Brigida Banti (; 1757–1806), best known by her husband's surname and her stage-name, as Brigida Banti, was an Italian soprano.

Biography

Obscure beginnings 
Her origins are rather obscure and the data on her birth are very dubious: she is thought to have been born in Crema, Lombardy, but some sources say she may have been born in Monticelli d'Ongina, a village in the province of Piacenza, which is located nearer to Cremona, in 1756 or possibly in 1758. She is the daughter of Carlo Giorgi, a street mandolin player; she too started her career as a street singer, either following her father around, or, according to different accounts, joining in with the double-bassist Domenico Dragonetti, when he was still a boy. The only established fact is that, in 1777–1778, on her travels around southern Europe, she reached Paris where a meeting with an important person in the profession completely was to change her life. However, sources are at variances as to the identity of that person. According to some of them, it was composer Antonio Sacchini, who quickly trained her and introduced to the Opéra Comique, while other sources suggest that she caught the attention of , the shortly to-be Director of the Académie Royale de Musique, and the Opéra ought to have been the theatre she was engaged for. Details about her Parisian sojourn are scant and uncertain. She moved to London at an undetermined date, and there she met dancer and choreographer Zaccaria Banti, whom she married in Amsterdam in 1779 and whose surname she adopted as her stage-name.

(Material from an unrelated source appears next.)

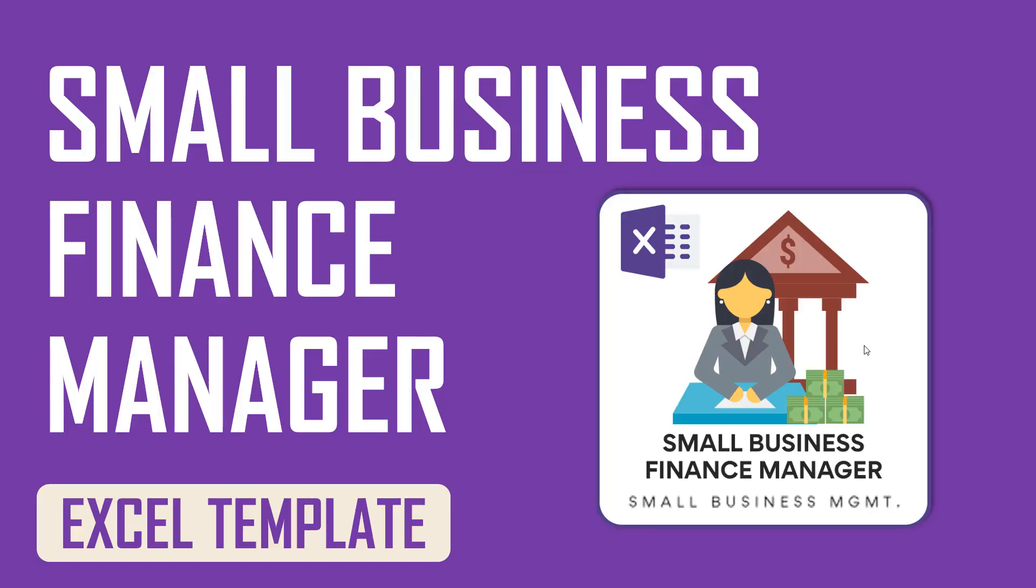Welcome to another video from Inzara.com where we provide simple and effective Excel templates for small business needs. In this video, I will give a tour of the new Small Business Finance Manager Excel template.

The great European career 
After dropping round in Vienna in 1780, Banti decided to return to Italy when she was engaged at the Teatro San Benedetto in Venice for the 1782–1783 carnival season. Her performances in the premières of Piramo e Tisbe by Francesco Bianchi (who was to become her favourite composer), and  Attalo, re di Bitinia by Giuseppe Sarti, as well as in a revival of Bertoni's  were very successful by all accounts, raising enthusiasm in a listener out of the ordinary, such as the Irish tenor Michael Kelly. After Venice, she later sang in Turin, Milan, in Venice again, and also, in 1786–1787, in Warsaw, where she performed in operas by Giordani, Persichini and Tarchi. Finally, in the same 1787, she arrived at Teatro San Carlo in Naples, where she created the role of Sofonisba  in Bianchi's Scipione Africano, and also interpreted operas by Paisiello, Anfossi and Guglielmi. In 1789 Banti returned to Venice's Teatro San Benedetto where she was the first protagonist of Anfossi's Zenobia in Palmira, which became one of her favourite roles, as well as Semiramide, a character she created in Bianchi's La vendetta di Nino, at the end of the following year. In June 1792 she took part in the inauguration of the new theatre La Fenice in Venice, opposite the castrato Gaspare Pacchierotti (who exerted a strong artistic influence upon her throughout her career), in the first performance of Paisiello's I giuochi d'Agrigento.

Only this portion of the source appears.